During last week’s ice storm misery, I thought a lot about my southern upbringing and the good things I’ve received from my small, poor state with a jagged past and uncertain future. I received many of these gifts from loving parents, my scamp of a grandfather, and friends, but also from enthusiastic Sunday School folks, teachers, and pearls of Power School wisdom.
The true measure of wealth is not money; so, what have I received? Simple childhood lessons that can’t be duplicated or replaced, of courtesy and caring, of giving, and helping a neighbor in need, of one on one friendships with mismatched people, even if it’s just sharing a joke with a stranger. I learned these lessons sitting in a wobbly desk on the back row of Mrs. Whoever’s classroom. The same people who taught me to read and write also taught me to be kind, honest, and not to give up because “practice makes perfect.” They explained the golden rule, common sense, the tradition of fair play, and quoted George Washington’s cherry tree remark. Some say “I cannot tell a lie” is a myth, but the underlying importance of telling the truth still holds. They also told the story of Honest Abe Lincoln, even though I’d seen his childhood cabin in two difference locations. There was also the terror of “it rains on the just and the unjust” a mantra repeated by one of my teachers when a single student coughed out a wad of bubble gum and we all suffered. Not quite sure what she accomplished, but I’ve never forgotten the inequity.
I learned about families, big families. A second cousin down the road is just as important and the people living beneath your roof. And they love you just as much, even if you can’t remember their names and who is related to who. I learned that kinfolks may be chosen, not born of the blood. Uncle Cliff wasn’t really my uncle, neither was Aunt Ethel, but we called them kin. I had a white mother and a black one too, both still live in my heart.
I learned that “come over and play” meant anything from blowing bubbles to an intense Chinese checkers competition. We played games we made up ourselves, there was no practice schedule taped to the fridge. I dressed-up in Mama’s old clothes and worn out high heels. My dolls were not anatomically correct, except for a Betsy-Wetsy my mother conveniently misplaced after a week of mopping up. In short, it was a child’s childhood, full of unbridled imagination, the innovations of small children, lady bugs and green grass. It was also a time of innocence.

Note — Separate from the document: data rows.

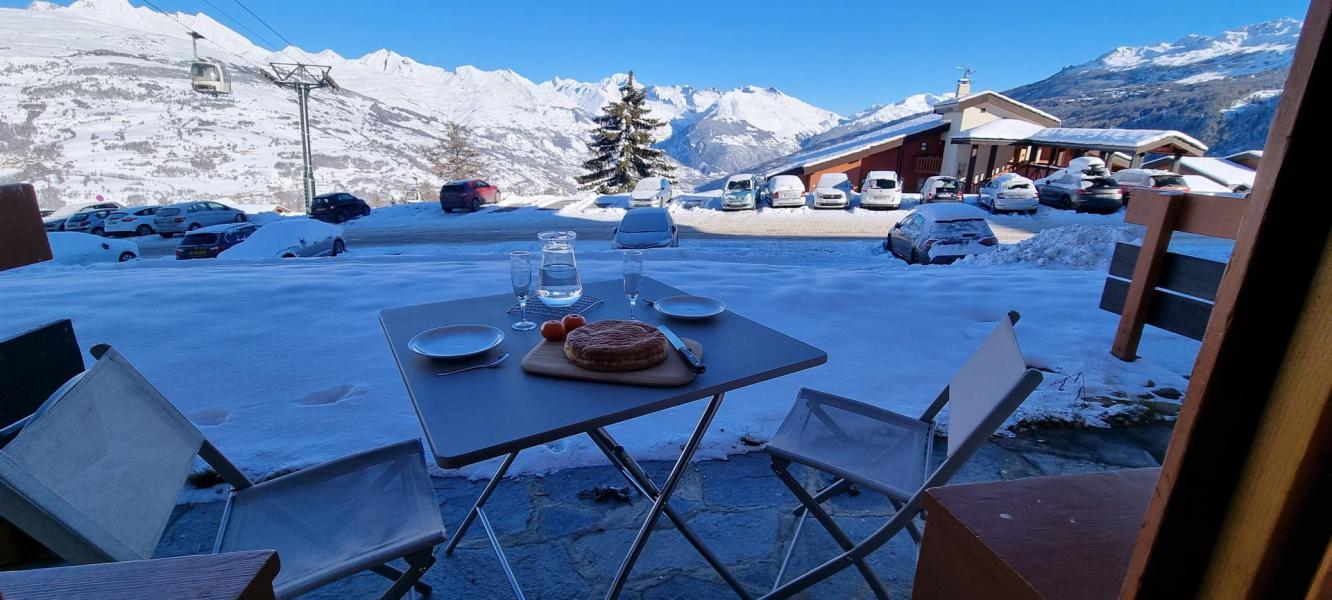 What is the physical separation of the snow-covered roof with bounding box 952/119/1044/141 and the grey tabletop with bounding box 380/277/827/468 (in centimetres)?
2986

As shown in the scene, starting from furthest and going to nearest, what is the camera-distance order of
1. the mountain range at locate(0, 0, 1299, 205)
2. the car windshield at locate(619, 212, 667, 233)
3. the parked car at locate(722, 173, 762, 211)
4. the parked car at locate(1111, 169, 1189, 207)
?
the mountain range at locate(0, 0, 1299, 205), the parked car at locate(722, 173, 762, 211), the parked car at locate(1111, 169, 1189, 207), the car windshield at locate(619, 212, 667, 233)

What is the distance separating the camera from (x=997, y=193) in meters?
20.2

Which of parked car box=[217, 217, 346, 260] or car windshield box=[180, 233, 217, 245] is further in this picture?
car windshield box=[180, 233, 217, 245]

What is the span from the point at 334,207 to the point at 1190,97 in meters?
74.6

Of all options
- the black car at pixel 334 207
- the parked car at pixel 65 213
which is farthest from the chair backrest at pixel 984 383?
the parked car at pixel 65 213

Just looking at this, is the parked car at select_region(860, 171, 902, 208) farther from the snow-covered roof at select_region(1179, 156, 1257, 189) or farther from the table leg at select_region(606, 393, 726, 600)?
the table leg at select_region(606, 393, 726, 600)

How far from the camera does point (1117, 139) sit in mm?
25281

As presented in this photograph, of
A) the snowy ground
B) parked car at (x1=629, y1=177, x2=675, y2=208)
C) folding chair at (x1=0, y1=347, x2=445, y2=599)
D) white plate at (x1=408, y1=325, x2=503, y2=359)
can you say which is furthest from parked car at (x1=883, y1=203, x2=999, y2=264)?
parked car at (x1=629, y1=177, x2=675, y2=208)

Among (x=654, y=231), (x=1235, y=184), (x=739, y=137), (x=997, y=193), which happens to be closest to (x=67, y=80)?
(x=654, y=231)

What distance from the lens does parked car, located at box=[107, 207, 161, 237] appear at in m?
20.9

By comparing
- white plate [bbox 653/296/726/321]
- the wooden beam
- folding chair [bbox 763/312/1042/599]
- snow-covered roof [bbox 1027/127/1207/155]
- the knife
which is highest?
snow-covered roof [bbox 1027/127/1207/155]

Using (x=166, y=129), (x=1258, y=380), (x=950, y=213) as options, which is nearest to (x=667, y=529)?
(x=1258, y=380)

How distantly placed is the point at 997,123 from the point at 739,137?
17292cm

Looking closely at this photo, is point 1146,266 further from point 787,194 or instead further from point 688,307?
point 787,194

My second home on County Line Road taught lessons too. I can recognize the difference between a cardinal’s whistle, the caw of a blue jay and a mourning dove’s cry. I know if the owl perching atop my chimney has caught something or if it’s a false alarm. I’ve seen a row of baby possums follow their mother into the bushes behind our house. I’ve entered a staring contest with a pair of racoons and have run like the wind when an unidentifiable snake slithered across the front porch. I’ve welcomed cast-off puppies, homeless cats, and shooed crows away from tiny robin’s eggs. I know that nature isn’t always kind, and that everything doesn’t always end well.
Other things came later, but Mississippi continued to teach. I know the difference between authentic blues and a knock-off version by someone who never set foot in Mississippi or felt a blistering wind sweep across the Delta’s wide fields. I know where Elvis was born, as well as Jimmy Buffet and Jim Henson, and that amazing words and stunning music can rise in Mississippi brains. Power School also handed me a copy of Eudora Welty’s Why I Live at the PO and said “Here, read this. If you don’t recognize some of the words, look them up.” When I met Sister, Stella Rondo, and Papa Daddy, I remembered they’d sprung from the brilliant mind of someone from home. My home. I discovered that other writers were also from home. I read them too.
Mississippi taught me that good things often come from bad, and vice versa. I know the much of our past is sore and painful, and deep scars remain. I also know much is good, nourished by good people who practice that long-ago Golden Rule.
I remember Jesus loves me, this I know as well as his second commandment, love your neighbor as yourself. These are soul lessons I won’t forget.
So, the question remains, am I happy I was born and raised in Jackson, Mississippi? Yes. It has taught me well, good lessons as well as bad. Here’s where I found my gift for words, however meager that gift may be. A lot is happening in our tiny state. Repentance and forgiveness are familiar concepts here. They are long practiced elements of faith binding us together with indestructible bands of steel. It’s been going on quietly for years, so quietly, that it’s often overlooked. But here, nonetheless. Our future is yet to be determined, but we’re working on it.
PS -When I first posted this story, I was contacted by a former classmate who criticized me for saying anything positive about Mississippi. I promptly banished him into the netherworld of the perpetually aggrieved. Hope he’s having fun, because I am. Writing about my home state is a particular delight because we have roots. Here stories spring up like weeds in a cotton patch and wave from the bed of a rumbling pick-up. Some roots are too deep to dig up. We aren’t trying to anyway.